The brain condition known as cortical dysplasia is a congenital birth defect that stems from abnormal brain development in an unborn child. Because cortical dysplasia does not behave the same for every child, a doctor will develop a customized treatment plan in each case. To diagnose the condition, doctors will conduct a neurological examination and use imaging tests such as an MRI, CT scan and electroencephalogram.
A congenital condition is one that affects a child while it is still in the womb and remains after birth. Cortical dysplasia is one such condition. In normal brain development, brain cells called neurons form in the core of the brain, then migrate to outer layers of the brain as the layers develop later in the pregnancy. In cases of cortical dysplasia, the neurons may not migrate to the correct place during development, causing some level of deformation in the brain's layers. In some cases, the layers do not completely develop.
The most common symptom of cortical dysplasia is epileptic seizures. The seizures normally recur with varied frequency and severity, depending on the child. If a child's seizures are associated with cortical dysplasia, the episodes will begin shortly after the child is born. If seizures begin later in life, then the episodes are not from cortical dysplasia. Children with cortical dysplasia may also have other symptoms, including an abnormally large head, slow reflexes in any part of the body and clumsiness when walking. They may suffer from psychological conditions, including mental retardation or abnormally aggressive or spontaneous behavior. They may find it difficult to learn how to speak.
Treatment of cortical dysplasia symptoms differs based on severity of the condition and general physical health of the child. In some cases, a child with cortical dysplasia may only need anti-seizure medication to help prevent seizures. In more severe cases, doctors may determine the best treatment is to remove the damaged part of the brain. Removing part of the brain is a dangerous procedure that offers unpredictable results. Doctors will resort to surgery only when they are convinced there is no other treatment available.

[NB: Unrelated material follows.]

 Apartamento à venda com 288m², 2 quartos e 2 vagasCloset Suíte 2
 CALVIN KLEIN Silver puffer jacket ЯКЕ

For the most part, the onset of cortical dysplasia symptoms is random. Doctors are not able to pinpoint any one risk factor that could potentially increase chances a child will be born with the condition. In some cases, it may be that cortical dysplasia is found in the genetic makeup of a particular family member, but there is no definite connection yet between genetics and the condition.
While some symptoms of cortical dysplasia may be similar to epilepsy, they are not the same disease. Coritcal dysplasia is one potential cause of epilepsy, but it is not the sole cause. Many conditions can lead to epilepsy, including brain damage as the result of an accident, alcoholism or drug abuse. Epilepsy is not necessarily a congenital condition--as it can show up at any point in life--whereas, cortical dysplasia begins when the child is still developing in the womb.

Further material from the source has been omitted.